Imagine a future where IT systems are not created by computer analysts speaking the languages of Java and C but instead by business managers speaking the languages of supply chain, customer service or product development.

It is a future made possible by Service Oriented Architecture (SOA) – an evolution in the way enterprise IT systems can be built.

SOA will make it possible for business managers to create instantly the IT functionality they need to support business initiatives, instead of submitting a technology request that disappears into the IT department’s backlog.

At the same time, SOA will force IT to begin speaking the language of business rather than technology – driving corporate productivity by putting technology in lockstep with the business.

Today, businesses either build and maintain custom applications (such as invoice processing or personnel systems) at great cost, or they conform their business processes and organisation to pre-packaged software applications.

Both of these approaches have helped automate business processes but have become operationally and intellectually threadbare in recent years.

The usually pejorative phrase “legacy system” was coined to describe old, custom applications that have grown hard to maintain and almost impossible to replace, whereas packaged software brings its own set of challenges since modifying it to meet the needs of a particular business is expensive and risky, often resulting in inadequate, “vanilla” installations.

Business and IT managers alike are saying: “There must be a better way.”

And now, with SOA, there is. With an SOA, business applications are constructed of independent, reusable, interoperable services that can be reconfigured without vast amounts of technical labour. Soon it will be common – at least in high-performing organisations – for business managers to assemble technology services, drawing upon reusable components developed by their counterparts in IT.

The fundamental building blocks of an SOA are web services. They are essentially containers of software logic that can be asked (usually by other web services) to perform specific functions. An SOA is a collection of web services brought together to accomplish business tasks (checking a customer’s credit, for example, or generating an invoice).

It is an innovation that simplifies the inner workings of the technology at the heart of corporations or government entities. Because these services are accessed through a standard, they provide unprecedented flexibility: business processes can be added or altered quickly; software applications can be integrated easily.

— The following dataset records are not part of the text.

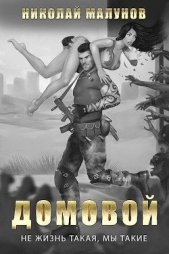  Малунов Николай Александрович 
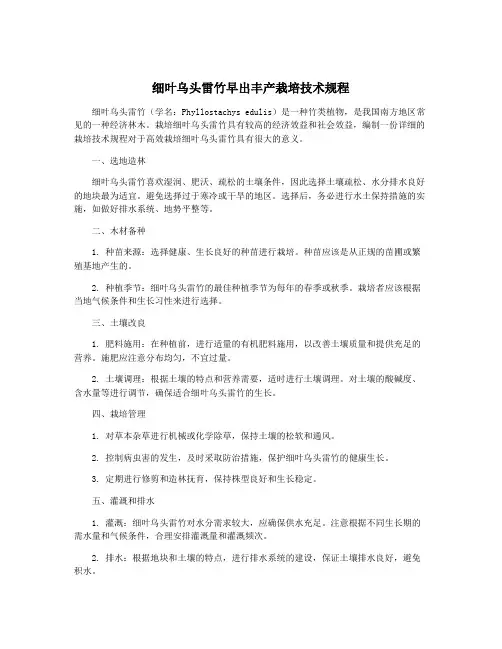 细叶乌头雷竹早出丰产栽培技术规程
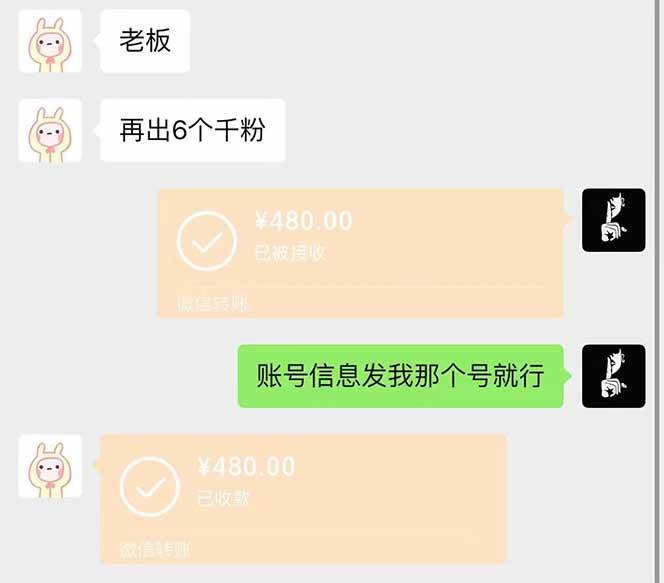 （14257期）抖音千粉计划日入500+免费知识分享！网创吧-网创项目资源站-副业项目-创业项目-搞钱项目网创吧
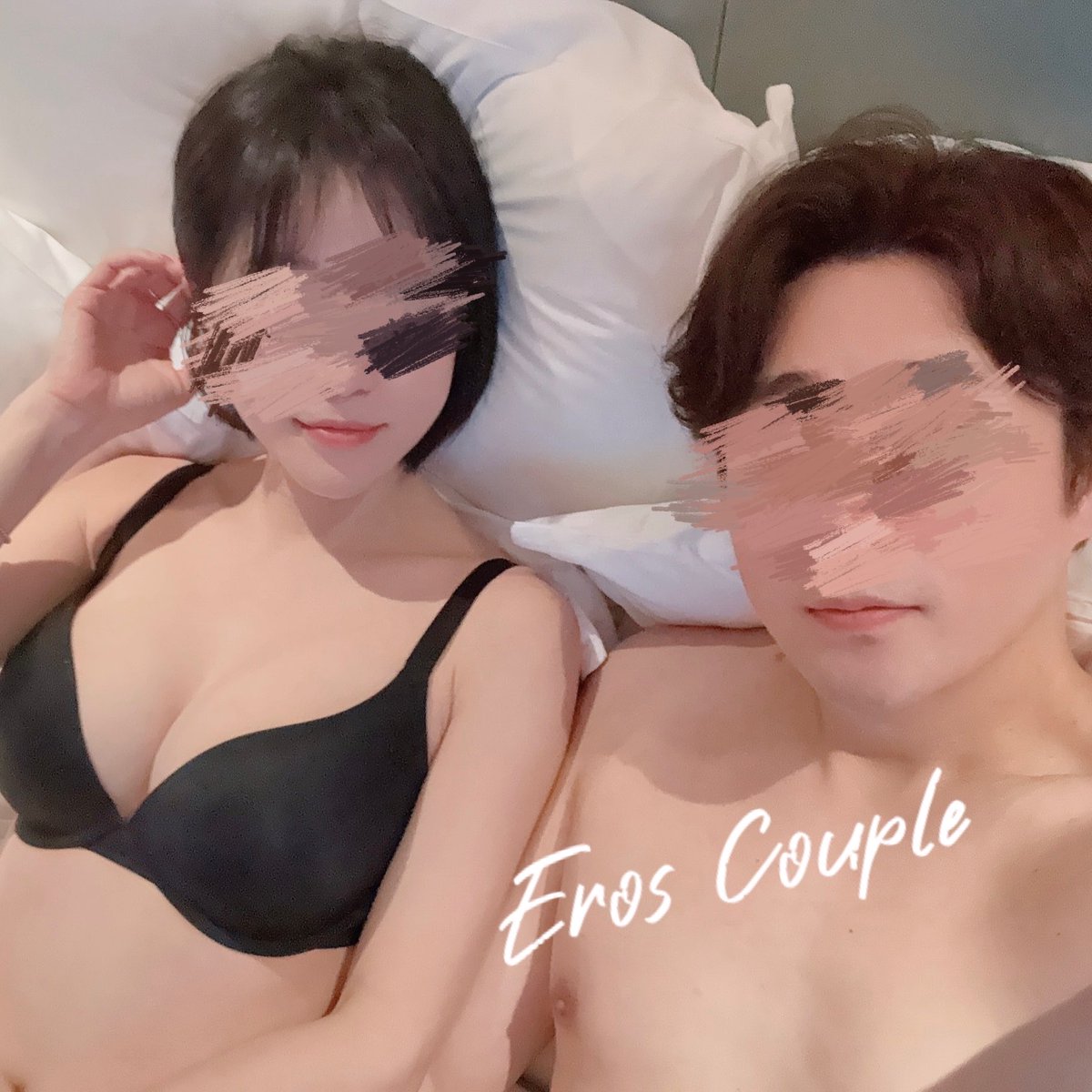 에로스커플(공동계정) tweet media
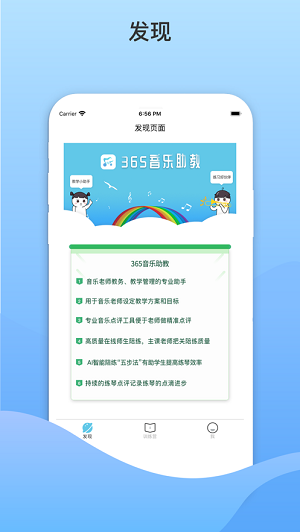 365音乐助教官方版图3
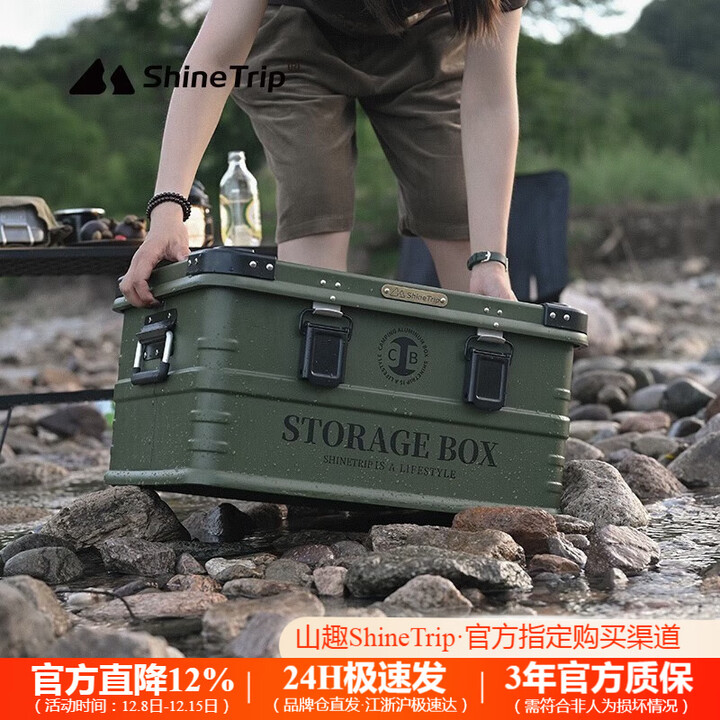 山趣（ShineTrip）户外铝合金收纳箱野营杂物自驾车载防水大容量露营IGT咖啡箱 军绿色(大号)72升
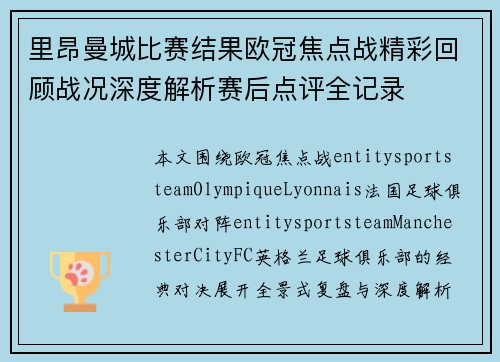 里昂曼城比赛结果欧冠焦点战精彩回顾战况深度解析赛后点评全记录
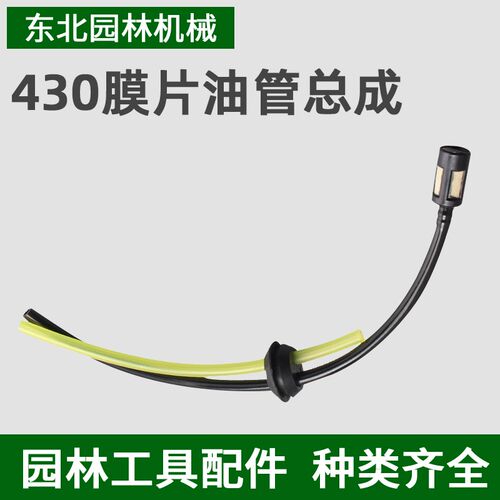 割草机 c割灌机配件 膜片式化油器H汽油管 耐油性高品质油管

Because the services can interact with systems outside a single organisation, they provide the ability for companies to collaborate with customers and suppliers. And because services are simpler than hard-wired applications, they lower maintenance costs. A big telecommunications company uses SOA to allow customers to order phone service online; a government organisation uses it to deliver pension forecasts instantly, rather than in the 40 days it previously required.

Heard it all before? You probably have. People have been talking about taking the programmer out of programming for decades. So what is different now?

In a word, standards are what set SOA apart from previous generations of integration technologies, which were largely proprietary to each vendor. The standards behind SOA have been around in some form for a few years, but they are just now reaching maturity. Just as the standard browser developed by Tim Berners-Lee in the 1990s ignited the adoption of the world wide web, the standards behind SOA, when they mature, will fuel its adoption.

For those still sceptical, it is hard to deny SOA’s importance if you consider the marketplace evidence. Virtually every leading vendor of software development tools and business applications is supporting the adoption of the technology. The largest forces in packaged software are employing SOA to deal with their own complexity. Their products are getting big and complicated; they need to be able to streamline them into manageable pieces.

They also want to increase the functionality of their products by making them easy to integrate with other vendors’ software. As a result, packaged software vendors are bringing SOA into the largest businesses and government institutions in the world.

SOA is also getting attention as a way for companies to solve the nagging problem of legacy systems.

But perhaps the most compelling impact of SOA is how it stands to rewrite the rules on IT governance and organisational structure. In most organisations, IT managers tend to be linked with the specific applications for which they are responsible and the business units they support. Because SOA delivers the promise of solutions that transcend lines of business – and the organisations themselves – IT managers, newly decoupled from applications they manage, will have a broader view of the potential they can deliver.

Once IT speaks the same language as business, it will be primed to design services that help companies bring distinctive capabilities, products and services to market quickly.

These benefits will not be achieved overnight. Like an iPod, SOA is simple to use but not simple to build. SOA adoption is a four to five year journey that begins, most importantly, with buy-in from the highest levels of management and an understanding of how SOA can support business needs.

Like every wave of technology, SOA brings challenges. Companies must tackle platform decisions, reconciling data differences, security approaches and governance questions. Those are among a host of issues that organisations must address to achieve success with SOA, according to recent Accenture research.

But even with the need to clear those hurdles, companies and government entities that adopt SOA have the chance to drive substantial productivity gains and higher levels of performance.

Donald J. Rippert is chief technology officer for Accenture.